May 20th, 2009 BBB No comments

May 20, 2009
Blew off weight training this morning to come into the office and fix the Ira Aten Classic Gunfight. I swapped out two images, took out the offending paragraph, replaced it with Mark Boardman’s original copy, created a sidebar below the illustration, gave it a sidebar box and ID it as a “fascinating sidebar” to the fight. Meghan tweaked the syntax and the layout and we turned it over to Robert Ray who schmoozed it to the finish. Feels good. As I told Mark, I feel like I get to have my enchilada and eat it too.

Still cloudy and overcast. Experimenting with more color in my daily sketches:

Here’s my first sketch on the Ira Aten fight:

But it struck me as too staid and typical.
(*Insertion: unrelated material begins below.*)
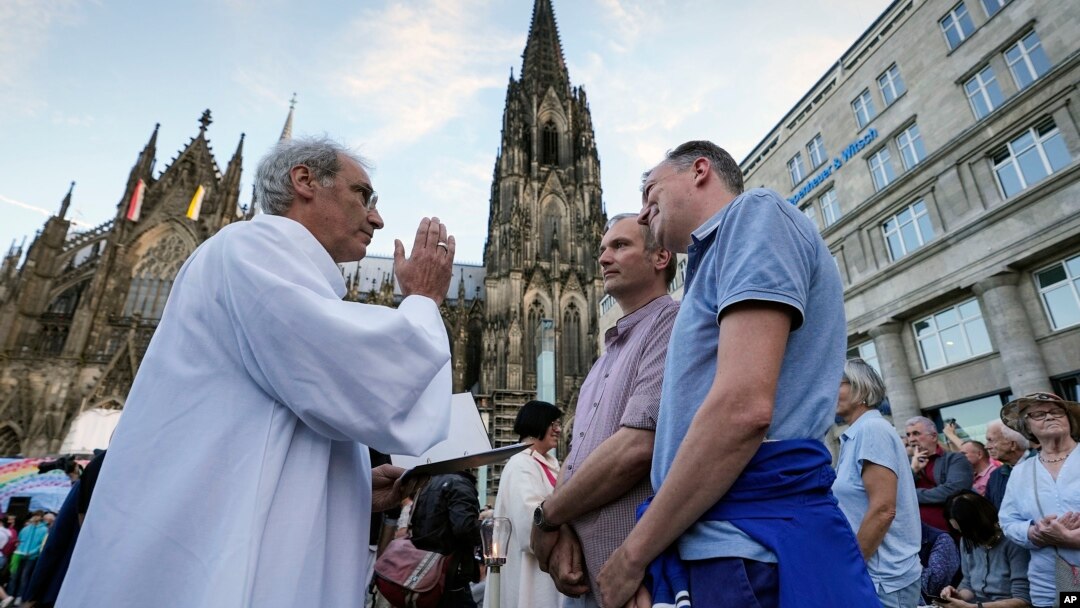 FILE - Same-sex couples take part in a public blessing ceremony in front of the Cologne Cathedral in Cologne, Germany, on Sept. 20, 2023. The Vatican said Dec. 18, 2023, in a ruling approved by Pope Francis that Catholic priests can administer blessings to same-sex couples.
Glad I went with the Andrew McClelland image with the two guns blazing. After a day of realism I was in the mood for experimentation on my 8 remaining sketches:

Meanwhile, here’s what I was sketching a year ago:

Really like that Spanish Dagger in the center. The little boy and portrait are from the cover of Ten Cent Plague, the book about comics being banned in the fifties. And here’s what I was doing ten years ago:

Ten Years Ago Today

May 20, 1999
Need to go into Phoenix today and do some cover work on Bad Men [book]. Not looking forward to drive.

• Fixed cover

• Redid Black Bart map

• Redid U.S. Map—into outlaw hideout map

• Redid Northfield-Medelia map

• Fixed silver dollar entry

• Made corrections in sections I-II-III-V-VI

Dropped off True West [financial] facts and figures to Jim [Tri Star accountant]

[then on May 27 I wrote: "My Bad Men book seems rather weak as I proof it, but I can't decide if it's because I'm sick of the whole thing, or not. Exasperating."]

[On June 3, Jim, the Tri Star accountant, recommended not buying True West magazine. He walked me through the numbers pointing out that their net income for 1998 was at $90,000, while their salaries were at $132,000. "They have nothing to sell you," Jim said.]

And believe it or not, it gets worse. Wait until you see what the editor of Arizona Highways has to say about buying True West, plus Bob McCubbin’s accountant also weighs in. Bet you can guess what he says. Ha.

“It is indeed foolish to be unhappy now because you may be unhappy at some future date.”